Overseas: China economic growth data in focus
- The much-anticipated Chinese economic growth and monthly activity data are released on Wednesday. In the US, consumer and manufacturing surveys, together with retail and international trade data are of most interest.
- The week begins on Monday in the US when the New York Empire State Manufacturing Index is issued with capital flows data. In China, money supply and lending data are scheduled.
- On Tuesday, the regular US weekly data on chain store sales is scheduled along with the monthly readings on industrial production and homebuilding sentiment. Factory output is tipped to lift by 0.3 per cent in March. The National Association of Home Builders’ index is tipped to lift by 1 point to 63 points in April.
- On Wednesday attention turns to China when the March quarter economic (GDP) growth data is released. The annual growth rate is expected to decelerate to 6.3 per cent, down from 6.4 per cent in the December quarter.
- Recent fiscal stimulus has focused on tax cuts and infrastructure spending and is expected to be represented in an improvement in the March monthly fixed asset investment, industrial production and retail spending data.
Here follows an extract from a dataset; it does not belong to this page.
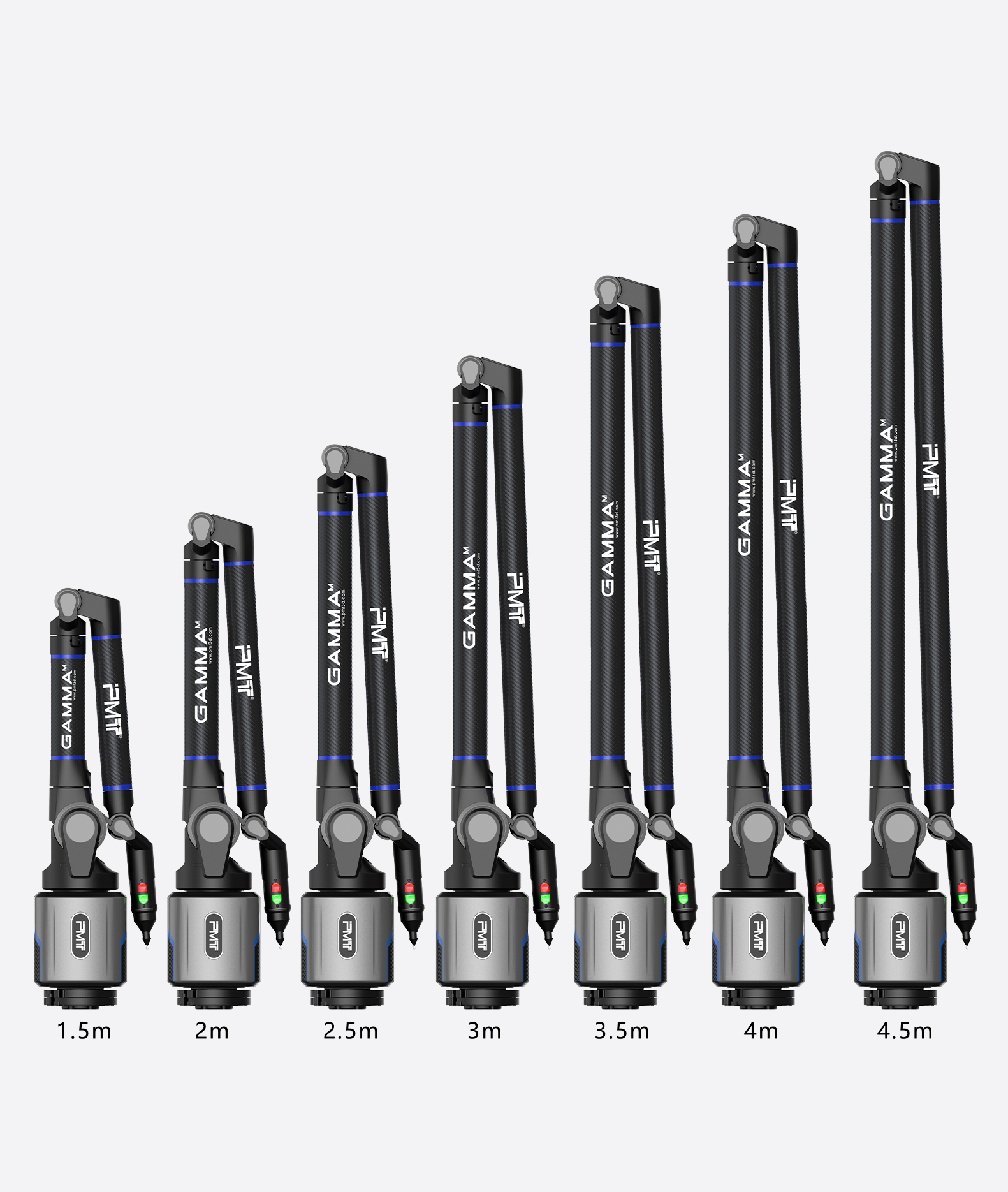 Tragbarer 6-Achsen-Messarm GAMMA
Infrastructure spending is forecast to lift from 6.1 per cent to 6.3 per cent; industrial production to increase from 5.3 per cent to 5.6 per cent; and retail sales to be up from 8.2 per cent to 8.4 per cent over the year to March.
- On Wednesday in the US, the Federal Reserve’s Beige Book is released. In the March report, 10 of 12 districts reported growing economic activity, while the remaining two saw flat growth. At the same time, the Beige Book reported that “Labour markets remained tight for all skill levels, including notable worker shortages for positions relating to information technology, manufacturing, trucking, restaurants, and construction”.
- Also on Wednesday, the February update on the US international trade balance is reported. The US trade deficit in goods and services fell to US$51.1 billion in January, down US$8.8 billion compared to December due to a 14 per cent drop in imports from China ahead of potential tariff increases on March 1 (which didn’t materialise).
- On Thursday in the US, figures for retail sales, the leading index and the usual weekly data on claims for unemployment insurance are all issued. The influential Philadelphia Federal Reserve manufacturing index is also released. Retail sales are tipped to rebound by 0.8 per cent in March after cold winter weather and the US government shutdown constrained consumer spending in February.
- Also on Thursday, IHS/Markit releases ‘flash’ purchasing manager indexes for April. Manufacturing activity has stabilised in China and the US, but continues to weaken in major European economies.
- On Friday, leading US housing market indicators, such as housing starts and building permits data, are expected to rebound in March, supported by falling mortgage rates and a still-solid jobs market.
- The US earnings (profit-reporting) season moves up a gear in the coming week. Companies expected to report earnings, include:
- On Monday: Citigroup and Goldman Sachs.
- On Tuesday: Bank of America, BlackRock, Charles Schwab, IBM, Johnson & Johnson, Netflix and UnitedHealth Group.
- On Wednesday: Alcoa, Bank of New York Mellon, Morgan Stanley and PepsiCo.
- On Thursday: American Express, Schlumberger and Travelers.